A spot market record price of $2,000/MW during one of last week’s Stage Three alerts and rolling blackouts have heightened the animosity between political and consumer leaders, and some state officials are raising the possibility of Gov. Gray Davis seizing private sector power plants under emergency powers he possesses. A recent report by the state energy commission questioning some power plant shutdowns in April also tossed more fuel on the political fires.

With the ink barely dry on a $13.4 billion state bond measure (SB 31X) to begin digging both the state and private sector utilities out from under mounting debt, indications from various stakeholders are: (a) the money is not enough to solve the widespread problems, and (b) Davis’s complicated plan is based on too many faulty assumptions about the extent that his moves can reduce power demand, cut wholesale prices and spur more long-term electricity deals at relatively low prices.

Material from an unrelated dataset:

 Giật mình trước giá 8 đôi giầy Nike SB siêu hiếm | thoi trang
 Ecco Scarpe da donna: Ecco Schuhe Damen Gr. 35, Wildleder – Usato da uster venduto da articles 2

On Monday, Davis previewed a radically slimmed-down 2001-02 state budget, hit by the double-whammy of billions of dollars of electricity purchases at the same time the slowing national and state economies are producing less tax revenue. The governor is blaming the Republican minority in the legislature for causing budget problems to escalate by not supporting last week’s state bond issue vote, so it could go into effect immediately as an emergency measure. Other analysts blame a slow-down in the economy.

Two new power plants that will be available this summer were approved last week adding 545 MW. Also approved was a new baseload plant in the California-Arizona border town of Blythe, which will add 500 MW in two years.

AES Corp. also announced Monday that AES Huntington Beach received its certification from the California Energy Commission to commence construction on the refurbishment of two gas-fired units that will add an additional 450 MW of generation in the electricity-strapped state. The two units were retired in 1995 prior to AES ownership.

Ed Blackford, president and site manager for AES Huntington Beach, stated, “Not only will these units be on line in time to address California’s urgent need for electricity this summer, but the state-of-the-art modifications will make this plant one of the cleanest gas-fired plants in California.”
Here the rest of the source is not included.